Mirages d'Egypte : Les murailles d'Alexandrie
de Daniel Vaxelaire

critiqué par Bachy, le 20 octobre 2005
( - 61 ans)


La note:  étoiles
Histoire méconnue
Toulon…1798… Le jeune général Bonaparte, qui venait de s’illustrer en Italie, embarqua sur l’Orient dans l’immense chambre arrière du bateau décorée de tapis et de tentures. La France avait décapité son roi, mais elle s’était donnée un nabab. La flotte se traîna vers le sud sous un soleil de feu. C’était comme un grand fleuve de bateaux qui coulait entre Corse et Italie. L’escadre de Marseille avait grossi celle de Toulon et quelques dizaines de navires encore étaient arrivés de Gênes et d’Ajaccio. Les soldats, enfin amarinés, observaient, quand leurs chiens de garde les laissaient monter sur le pont, ce spectacle écrasant : une armée marine glissant vers l’inconnu. Le but ne fut dévoilé qu’en chemin : la conquête de l’Egypte…via Malte qui tomba sans coup férir. Des personnages issus de milieux divers embarquèrent pour le meilleur et pour le pire. Alexandrie devint française le 2 juillet 1798. Dès que le drapeau tricolore monta au phare, les navires de transport hissèrent les voiles vers le port, au soulagement général de ceux qui les occupaient. L’interminable traversée était finie. Enfin, du sol ferme sous les pieds. Enfin, de solides canons pour se protéger des Anglais. ..

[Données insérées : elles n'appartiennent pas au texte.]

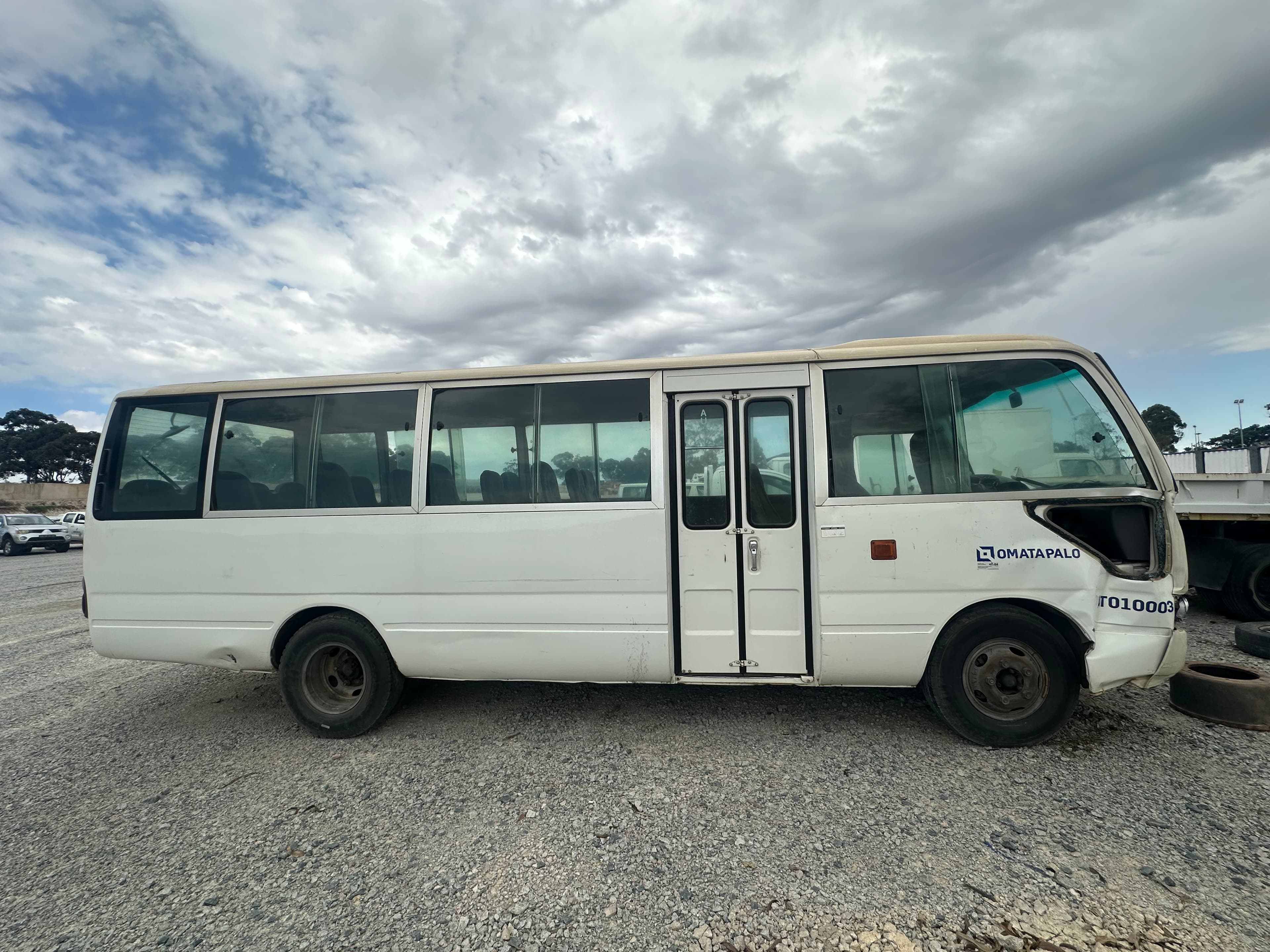 TOYOTA COASTER 30L — imagen 1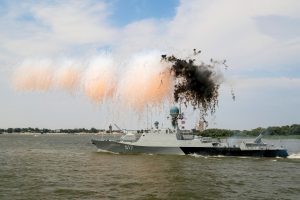 16 В Астрахани прошел военно-морской парад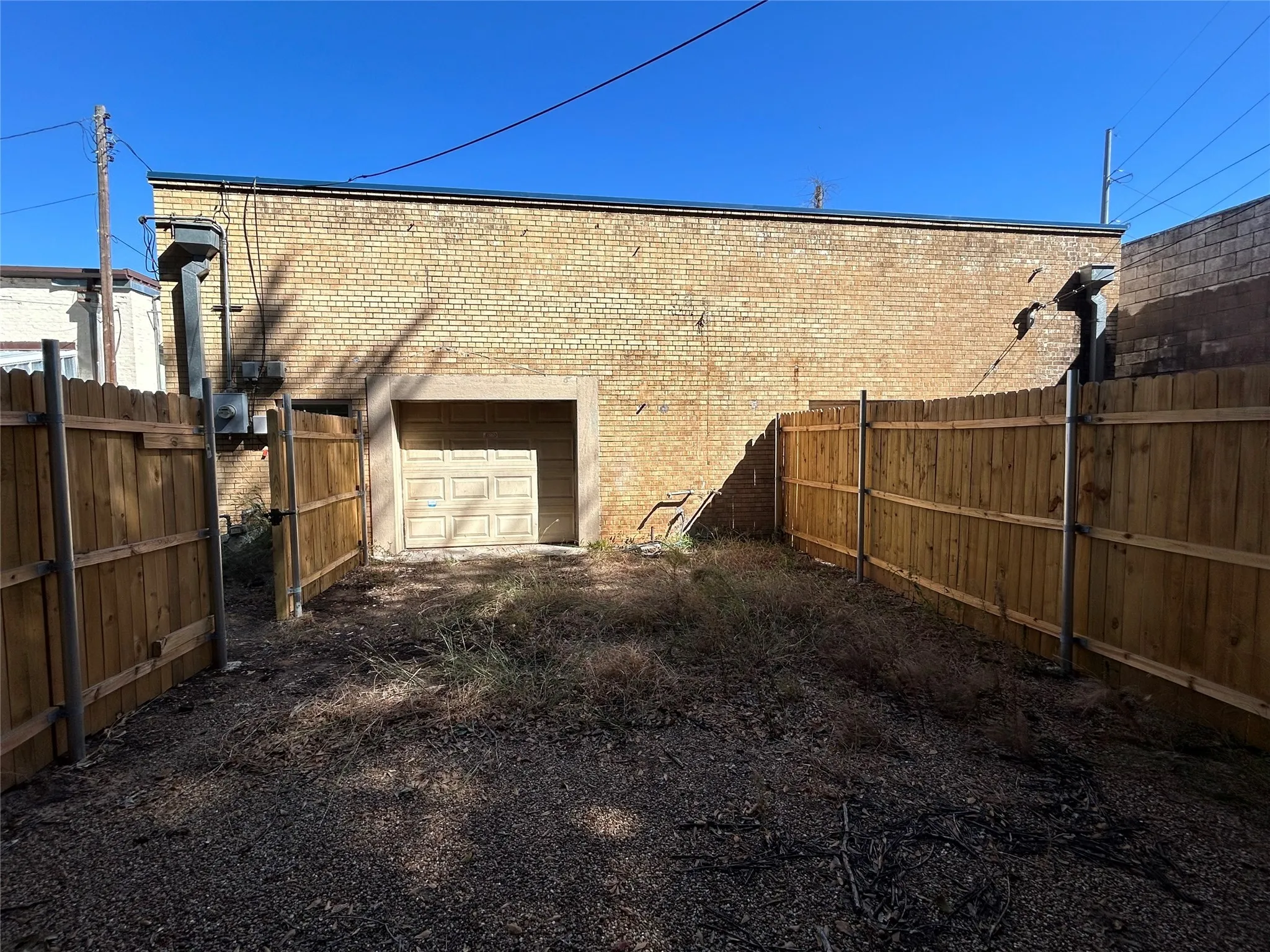 Retail For Sale in Smith County , 121 S Glenwood Boulevard, Tyler, Texas 75702, 0, 0, Garage spaces, 0 Sqft, built in 1950, Preowned, Price $199,000, mls#21110909, Real Estate Agent in Tyler, Homes For Sale in Smith county, Homes For Sale in Tyler, Realtor in Tyler Texas, Real Estate Brokerage Independent Realty Texas, Luminita Cordes Realtor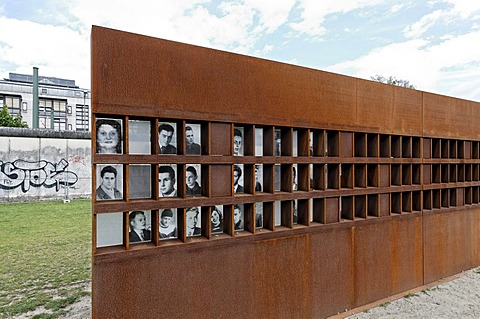 "Fenster des Gedenkens", "Window of Remembrance" for victims of the Berlin Wall Memorial, Bernauer Strasse, Mitte quarter, Berlin, Germany, Europe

Daniel Vaxelaire a embarqué son érudition dans ce roman. C’est pour lui l’occasion d’écrire à la fois l’épopée et son revers. Il nous fait partager le point de vue des sans-grade, ces oubliés de l’Histoire. Ce chercheur passionné place ses travaux dans le sillage d'une école qui n'a pas peur des chemins de traverse et des approches transversales. Faisant éclater avec intelligence les repères quand il décloisonne les disciplines, l’auteur a reconstitué l'odyssée bonapartiste en retrouvant les lieux, obstiné à faire parler les documents. Son livre aux subtiles résonances littéraires d’anciens vocables français, est à la fois une méthode de l'histoire et une histoire de la méthode. Un récit anecdotique, une ardeur serrée, une écriture, une exigence d'intensité, tel apparaît ce roman, le récit d'hommes embarqués dans un temps d'aventure, et qui gardent leur simplicité révolutionnaire. L’auteur connaît bien le climat de l’époque, profondément irrationnel. Histoire événementielle et Histoire n’ont pas de secret pour lui. Le Bonaparte de Vaxelaire s’entend à soigner sa publicité : « ce que je me veux être ». Vaxelaire s’est beaucoup impliqué dans cette épopée. Une fois qu’il a pris dans cette matière, ses personnages lui permettent de raconter le général à travers un regard romanesque. Il faut reconnaître qu’il n’est pas aisé d’insérer dans une histoire toutes les anecdotes découvertes en la préparant. Il a parfaitement réussi. En un sens, il est devenu un voyeur agréable à lire !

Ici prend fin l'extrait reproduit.